J.M. : Si on veut être résilient au quotidien, il faut accepter que le monde n’est pas idéal et ne pas se démoraliser en disant que tout est injuste car cette mentalité nous mène à nous amoindrir. Deuxièmement, il faut avoir des stratégies mais les découper en petits morceaux. Mises les unes à côté des autres, elles permettront de cheminer vers le but final. Troisièmement, chose que j’applique moi-même, ou que j’aimerais appliquer, c’est donner sans rien attendre en retour car c’est ça qui rend malheureux.

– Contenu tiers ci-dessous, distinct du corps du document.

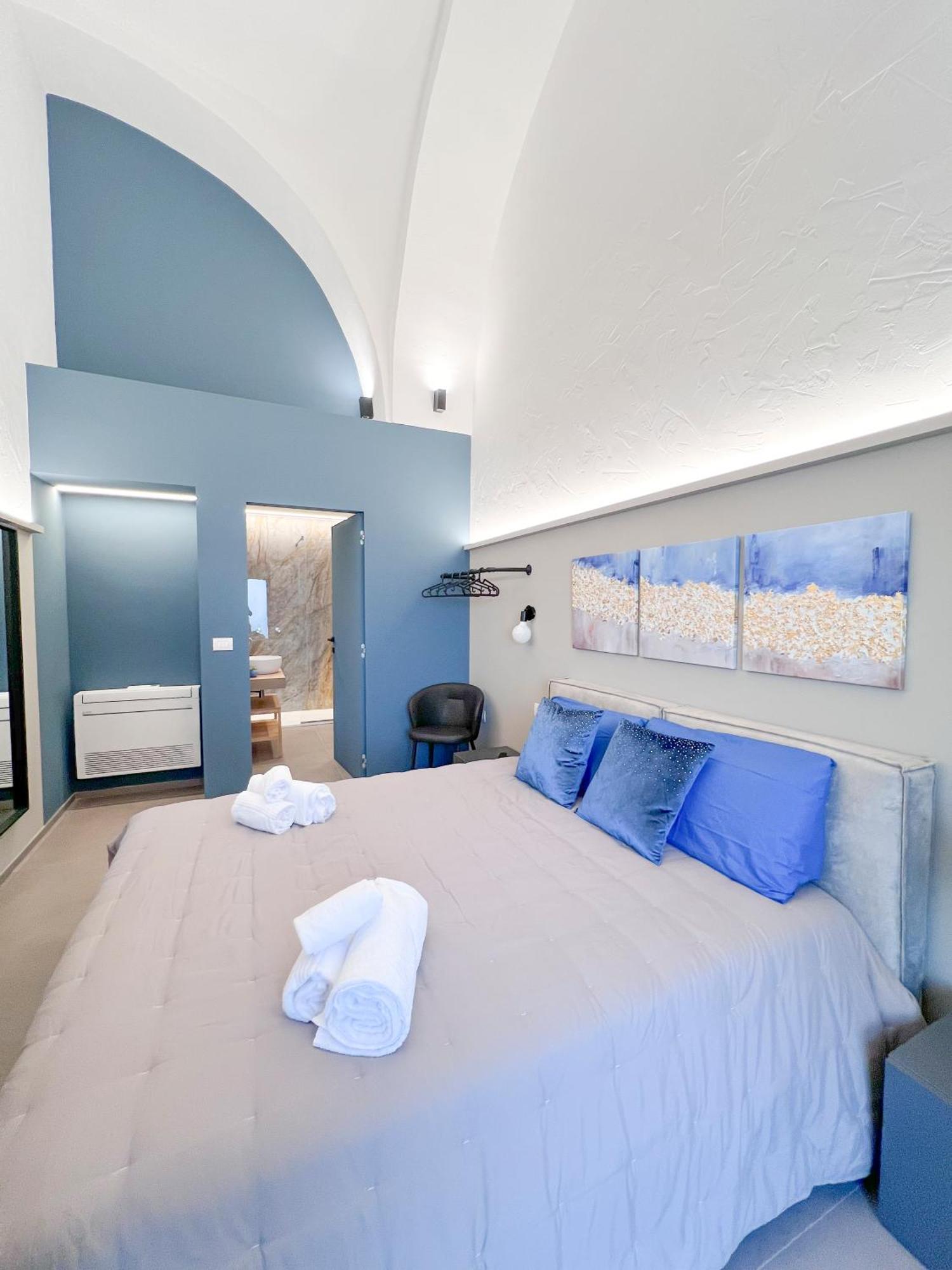Dimora Minelli Suites Monopoli Buitenkant foto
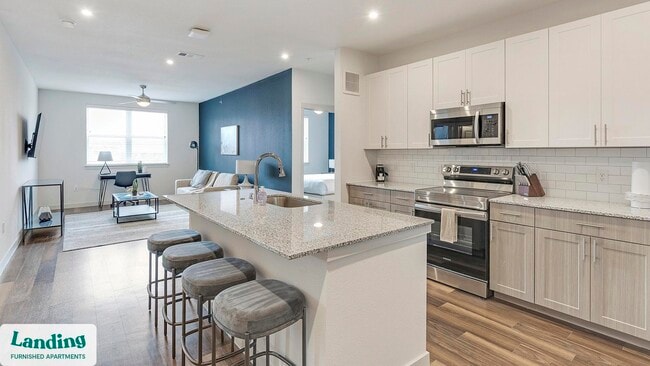 Photo - 255 Williamsburg Pkwy Unidad E304.1409536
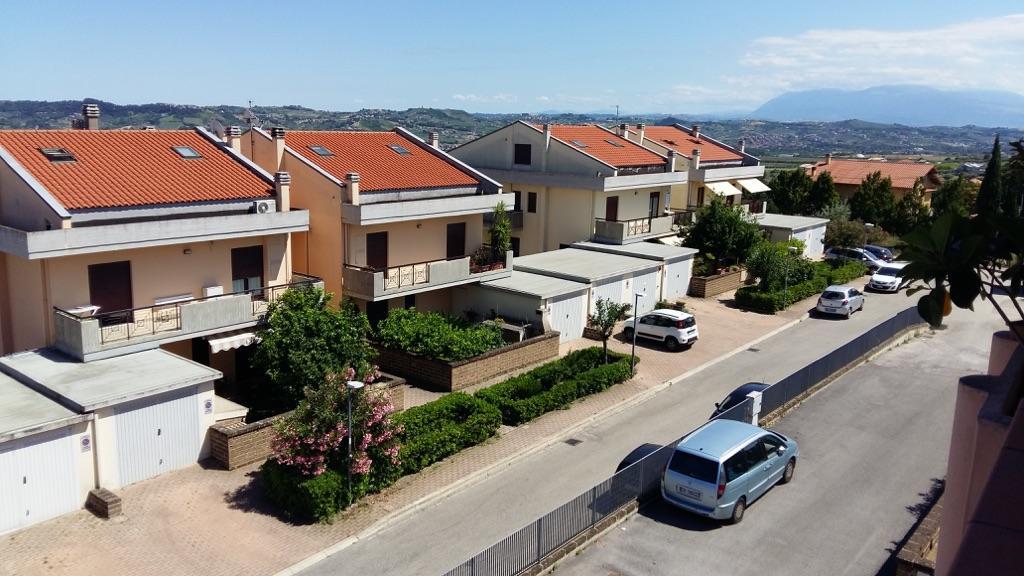 B&B Mirella Città Sant'Angelo Exterior foto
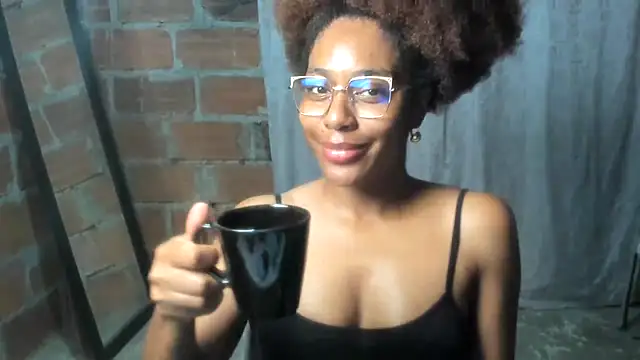 Snapshot of thaimy_ chatting on 06-11-26, 01:49 thaimy online show from 06-11-26, 01:49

M.R. : Il est essentiel de ne pas dépasser nos capacités actuelles, car viser trop rapidement et trop haut peut conduire au burn-out. Il est important de « savoir ménager sa monture » tout en progressant de manière continue : cela implique de cultiver constamment les qualités qui renforcent notre résilience, tant sur le plan personnel que professionnel. Pour moi, un bon conseil serait de se rappeler que la résilience a une composante innée : nous sommes tous plus ou moins résilients à la base, avec des degrés de sensibilité et de fragilité variables. Peu importe notre point de départ initial, même si nous ne deviendront pas tous des « champions olympiques » de la résilience, il existe une grande marge de progression grâce aux enseignements de la vie. En mettant l’accent sur le développement de la résilience parmi d’autres qualités humaines, nous pouvons cultiver régulièrement ces qualités jusqu’à atteindre un niveau optimal qui sera différent pour chacun, mais toujours supérieur à notre point de départ.

Il est crucial de ménager ses forces, mais dans le but de pouvoir se mettre mieux et plus longtemps au service d’autrui, tout en continuant à cultiver l’ensemble des qualités qui font que notre résilience va devenir plus vaste, inclusive et juste. La résilience nous permet ainsi d’accomplir le double bien d’autrui et de soi-même.